The Miura Sea Forces (3)
At the end of the Kamakura Shogunate, Miura Tokitsugu (?-1335) followed Ashikaga Takauji (1305-1358), who would later be the first shogun of the Muromachi Shogunate in 1336. In 1333, the Kamakura Shogunate collapsed, and Tokitsugu was awarded with steward samurai positions in Musashi and Sagami Provinces. However, when Hojo Tokiyuki (?-1353), the son of Takatoki (1303-1333), the last Regent of the Kamakura Shogunate, took arms against Takauji, Tokitsugu took Tokiyuki’s side only to be defeated by Takauji and to be slashed to death. Tokitsugu was succeeded by his son, Takatsugu (?-1339), who had taken Takauji’s side.
In 1416, when one third of the Muromachi Era had passed, the Deputy Shogun in Kamakura, Ashikaga Mochiuji (1398-1439), and his butler, Uesugi Zenshu (?-1417), got at war, Miura Takaaki (?-?) took Mochiuji’s side.

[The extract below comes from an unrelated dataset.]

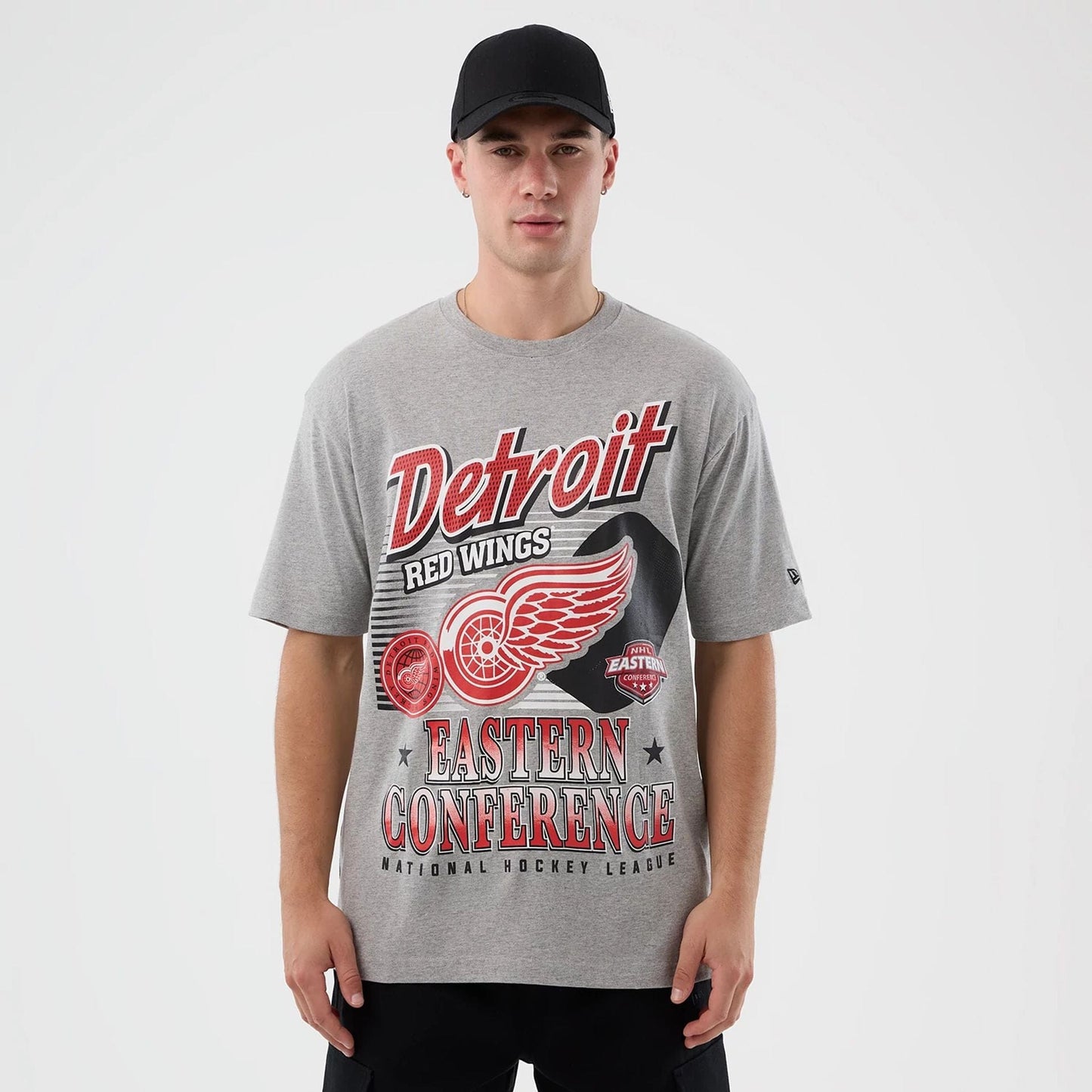 The Male model is wearing Detroit Red Wings NHL Sport Classic Grey T-Shirt 1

Mochiuji won, but, 10 years later, Takaaki was deprived of the position of the Sagami Province Guardian Samurai by Mochiuji.
For a couple of more times, the Miura Clan betrayed others to survive, and survived from being betrayed, and finally had to face a new enemy during the Warring States Period; Ise Shinkuro (1432-1519). He came from Kyoto to Suruga Province in 1469, which lay east to Sagami Province, to make a warring-state-period hero, and actually carried out his plan. In 1493, he first started unifying Izu Province, which lay between Suruga and Sagami Provinces, and then raided Sagami Province. In 1512, he reached Miura County, the easternmost part of the Sagami Province.